_Directions_: Please give back only the lines below from the one containing "Jovem olhando pela" to the one containing "Tom Ford Silk", each repeated word for word, both ends included.

*** Dataset content

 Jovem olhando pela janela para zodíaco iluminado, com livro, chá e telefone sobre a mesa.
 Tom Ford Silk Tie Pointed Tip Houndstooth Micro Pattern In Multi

******
*** Dataset content

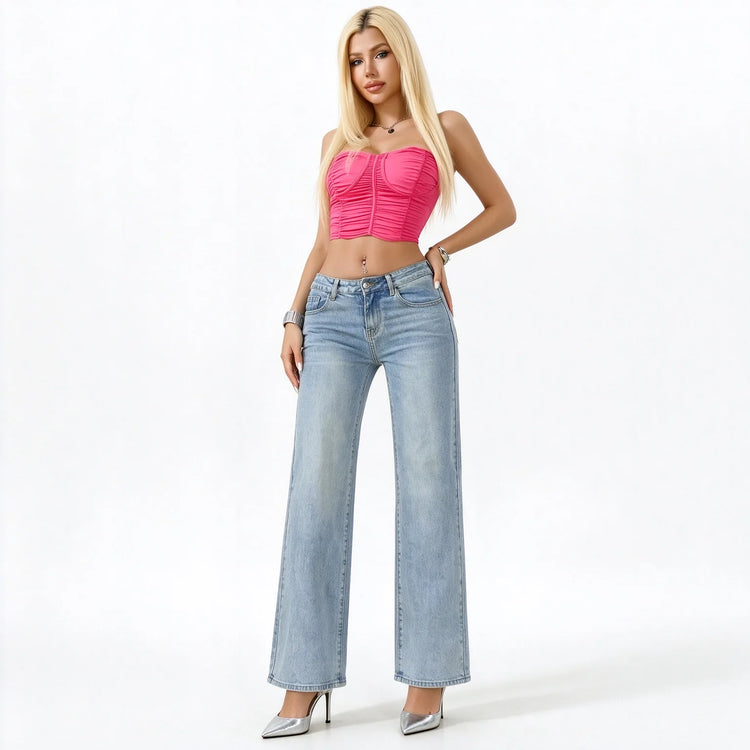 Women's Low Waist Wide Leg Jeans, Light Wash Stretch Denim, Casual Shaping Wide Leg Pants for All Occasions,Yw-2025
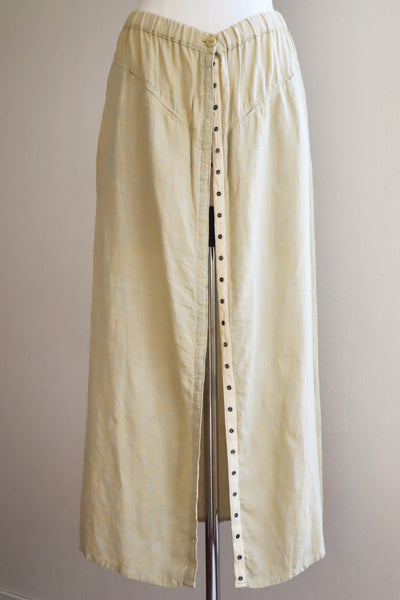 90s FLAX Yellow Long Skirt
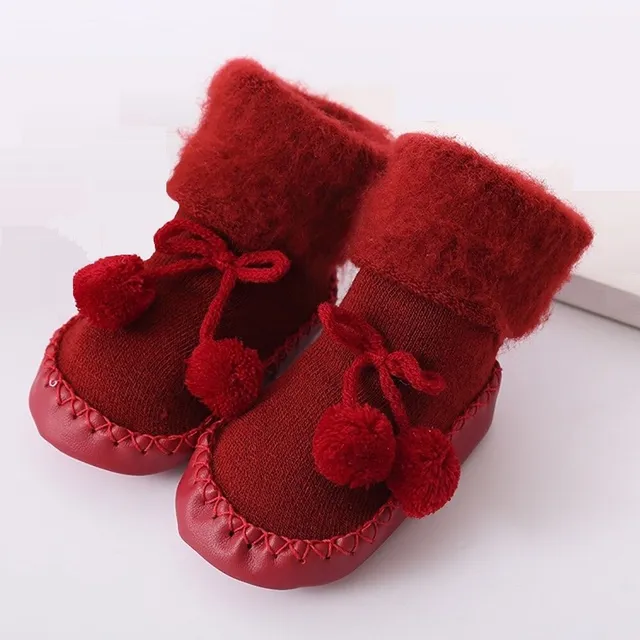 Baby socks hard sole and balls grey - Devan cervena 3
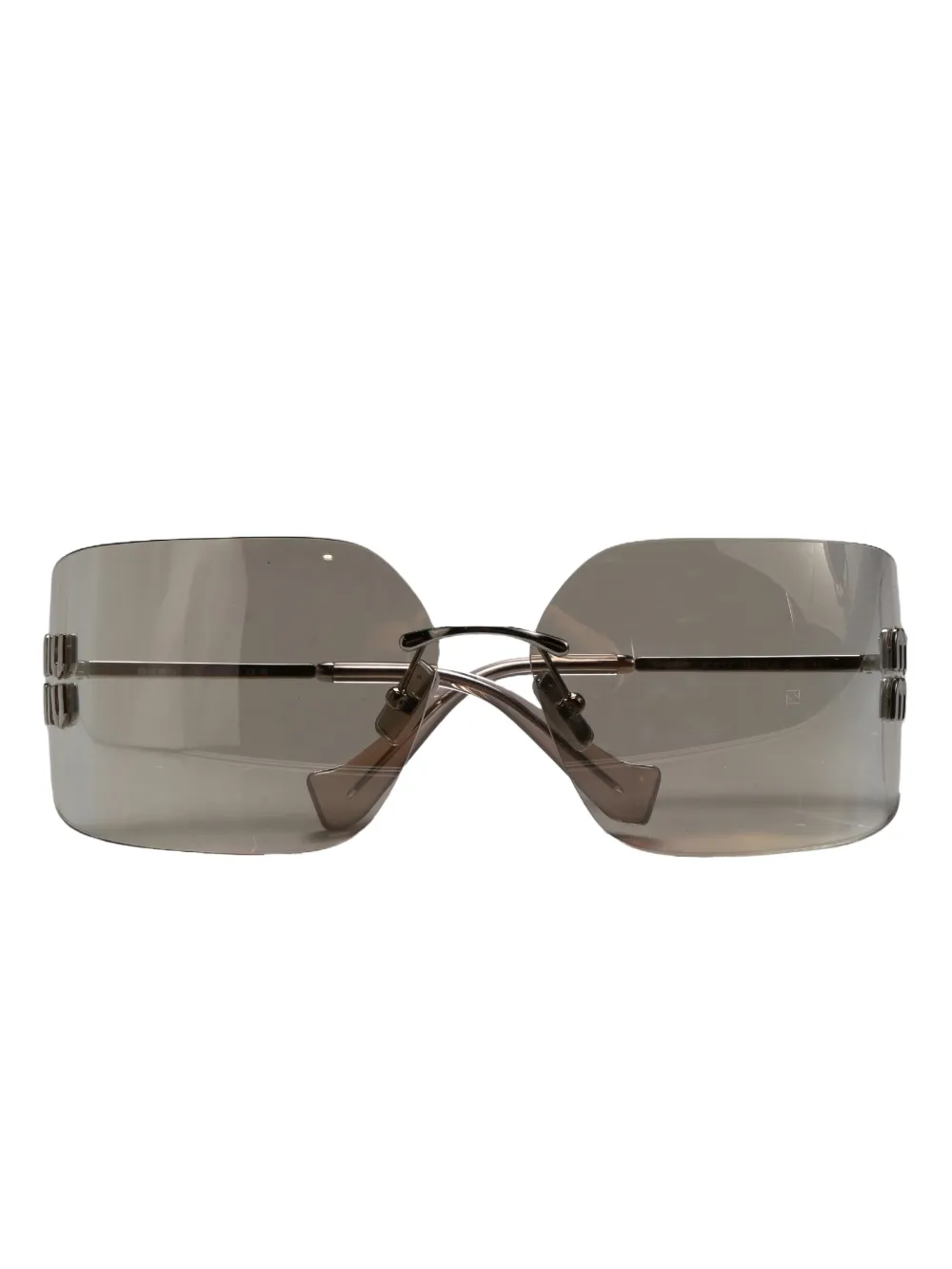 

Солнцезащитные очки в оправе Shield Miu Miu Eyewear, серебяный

******

_Reply to the task_:
 Jovem olhando pela janela para zodíaco iluminado, com livro, chá e telefone sobre a mesa.
 Tom Ford Silk Tie Pointed Tip Houndstooth Micro Pattern In Multi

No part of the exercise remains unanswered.